For parents who want to worry less and play more!

To Play or not To Play

The other day I was having a long awaited, adult conversation with a friend of mine. We met when our daughters were 9 months old in a parent/infant education group and I used to live around the corner from her for 2 years. We have kept in touch and our girls still play with each other; they are now 5.

During our lunch we discussed the next step–kindergarten. My daughter currently attends the school she will continue in for kindergarten until 5th grade (hopefully). I spent several years, while she was in preschool, researching many other schools for her subsequent kindergarten attendance. I knew it would take me a long time to absorb how the schools were different and what I wanted for my daughter and where we thought she would be happy. We moved her at the beginning of Pre-K, for a variety of reasons, instead of next year. But most of my friends are now deep into kindergarten frenzy. My friend also relayed a story about her daughter’s current school and teacher. It illuminates the on-going debate about what the curriculum and expectations are for children in Pre-K moving into Kindergarten.

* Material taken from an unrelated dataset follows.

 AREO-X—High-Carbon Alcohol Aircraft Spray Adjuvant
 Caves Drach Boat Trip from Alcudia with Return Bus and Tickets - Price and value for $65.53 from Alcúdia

It seems a group of moms in her daughter’s class–about 5 of them out of 9 or so–were very disappointed when the teacher who started this year (a former Kindergarten teacher) suddently left the school. She had taken to structuring the children’s time fairly heavily (not the usual at that school) and had started “drilling” them in their letters and writing. Many kids were not happy. When the teacher left after a short time, she was replaced by someone more inclined towards play and art and willing to introduce letters but not pushing them on it. Initially the expectations for the children at this level were not to be reading and writing by the end of Pre-K, but once they’d gotten a whiff of the possibilities, it seems the moms thought that was how it should be.

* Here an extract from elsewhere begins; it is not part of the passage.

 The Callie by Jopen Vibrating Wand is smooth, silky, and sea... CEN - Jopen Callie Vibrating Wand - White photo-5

I reassured my friend that this is not new in the discussions of parents, nor of schools in general. What should the curriculum be for 4-5 year olds? My bias tends heavily towards play, encouraging the imagination, following the lead of children’s interest and continuing to support social development skills. Vivian Gussin Paley, a kindergarten teacher for 37 years and the author of A Child’s Work, The Importance of Fantasy Play says it quite well,”…fantasy play is the glue that binds together all other pursuits, including the early teaching of reading and writing skills.” I strongly urged my friend to read it. She simply said she didn’t need to because I reassured her greatly of her inclinations.

I may be a fuddy duddy, call me old-fashioned (OK, I’m 50 years old), but I didn’t start my letters and reading until first grade and I adore reading and writing. (Why else have I taken to blogging?) I can get swept up in the anxiety from time to time about all that my child has to learn about that I didn’t, i.e. computers and online encyclopedias, quantum physics and event horizons, but the bullies on the playground are still there, and fears about one’s place in the world are still there, and I believe learning to deal with those things, and following one’s natural curiosity, will ground our kids for the more intricate intellectual and social challenges that lie ahead.

One Response to “To Play or not To Play”

  1. My son is in 1st grade and we just got a letter from the teacher saying that in April, they’re going to start fractions! FRACTIONS! At this rate, I think once he hits 3rd grade I won’t be able to help him with his homework anymore…it’ll be too much for my 1988 college education.